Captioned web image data
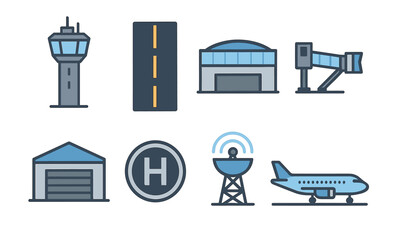 Airport elements: control tower, runway, hangar, jet bridge, helipad, satellite dish, airplane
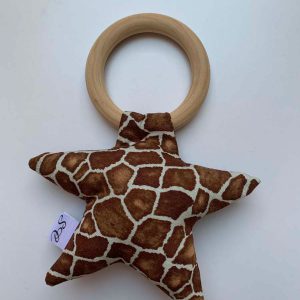 Rammelaar bijtring ster giraffenprint
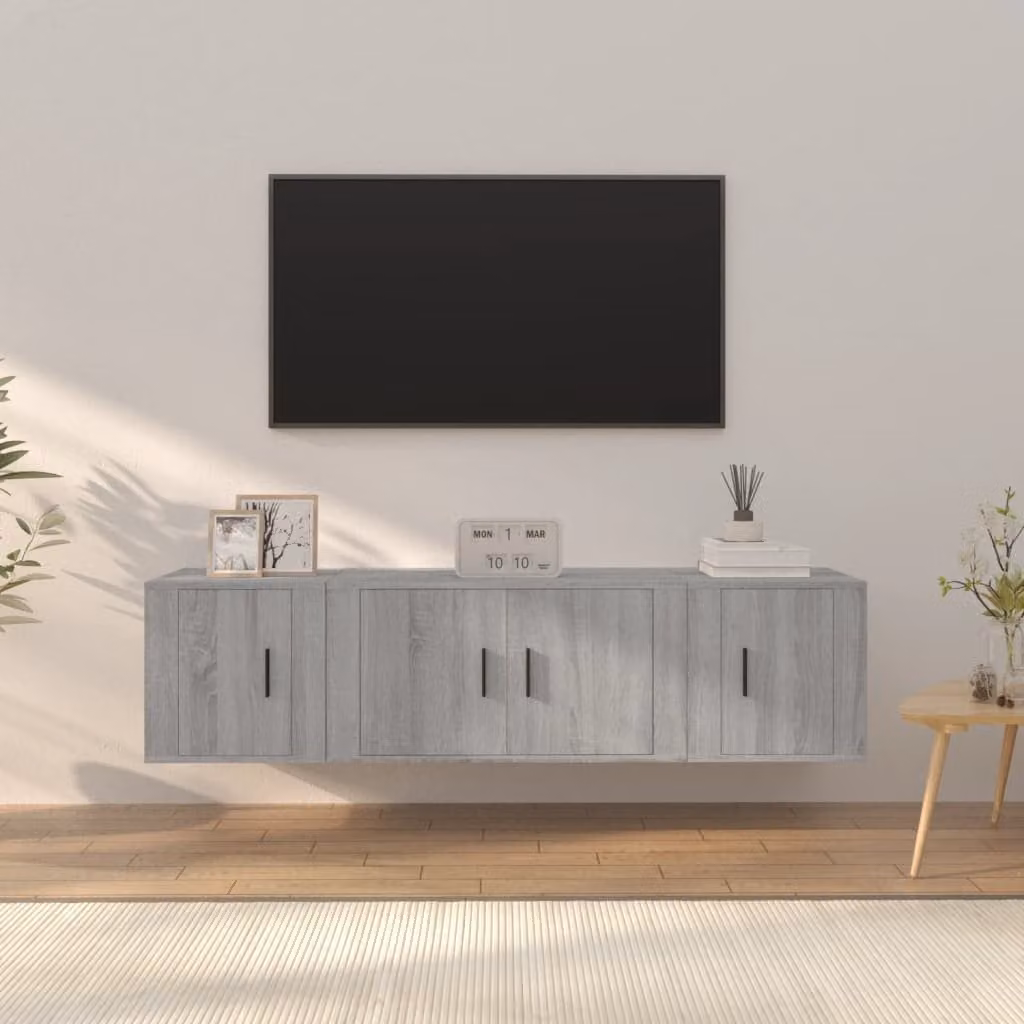Set di mobili porta TV da 3 pezzi vidaXL in legno multistrato, colore grigio, design classico a parete per il tuo soggiorno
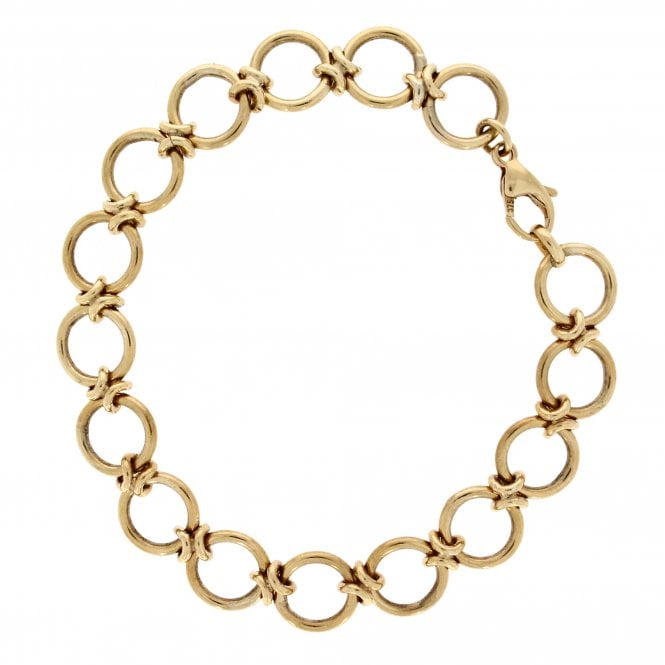 9ct Yellow Gold Fancy Circle Link Bracelet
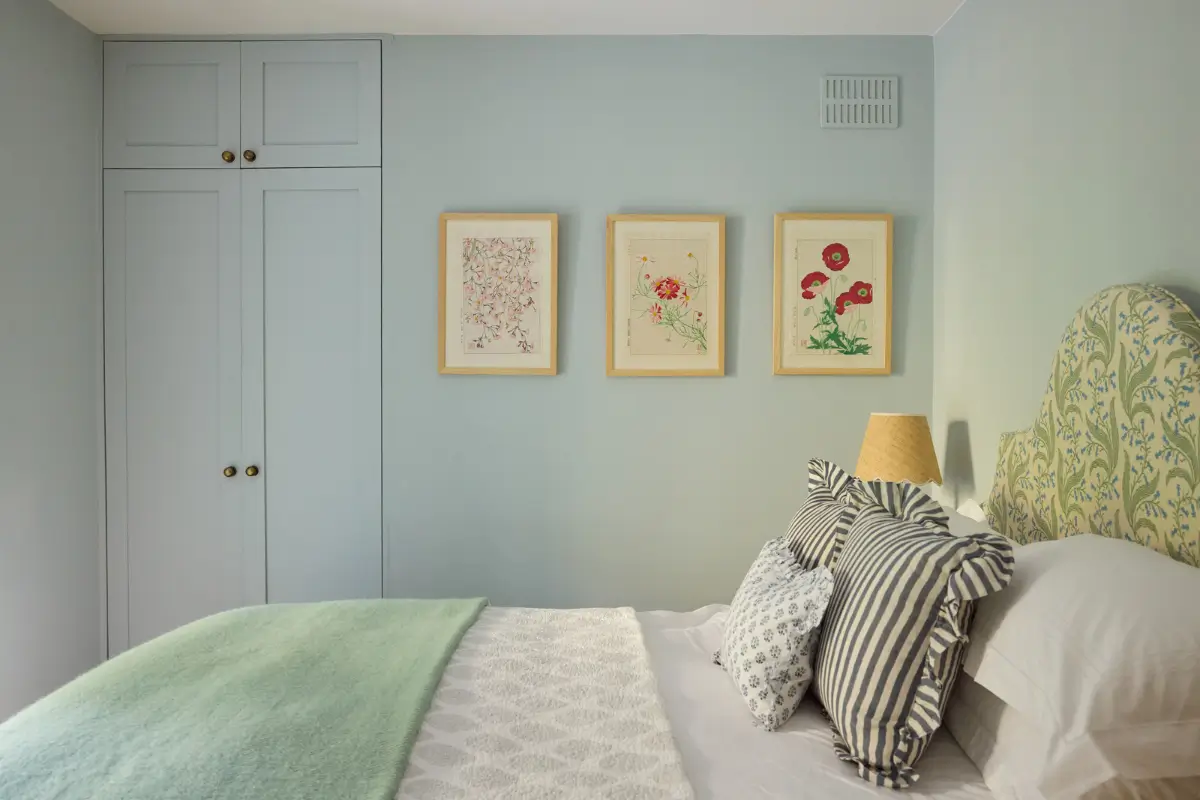 Pastel Hues in a Two-Bedroom Garden Apartment in West Kensington 10 pastel blue bedroom built-in wardrobes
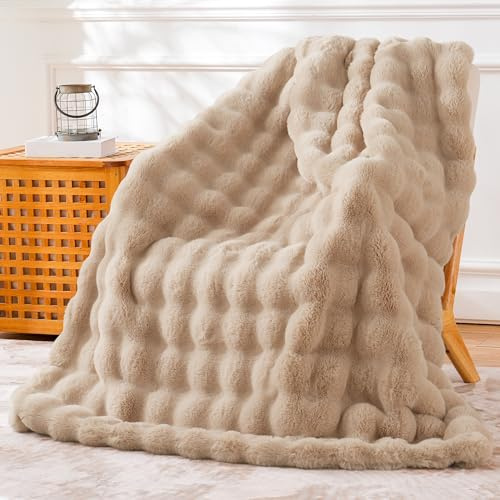 BENVWE Faux Fur Throw Blanket for Couch - Cozy Fuzzy Soft Plush Fluffy Thick Luxury Minky Bubble Blanket for Living Room Home Decor- Mothers Day Birthday Gifts for Women, Beige, 51 x 63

● **WORK TO BE COMPLETED**
Your answer must be the lines from the one holding "Pastel Hues in" through the final line of the records above, exactly as written and without any pictures.

● **ANSWER FOR THIS EXERCISE**
 Pastel Hues in a Two-Bedroom Garden Apartment in West Kensington 10 pastel blue bedroom built-in wardrobes
 BENVWE Faux Fur Throw Blanket for Couch - Cozy Fuzzy Soft Plush Fluffy Thick Luxury Minky Bubble Blanket for Living Room Home Decor- Mothers Day Birthday Gifts for Women, Beige, 51 x 63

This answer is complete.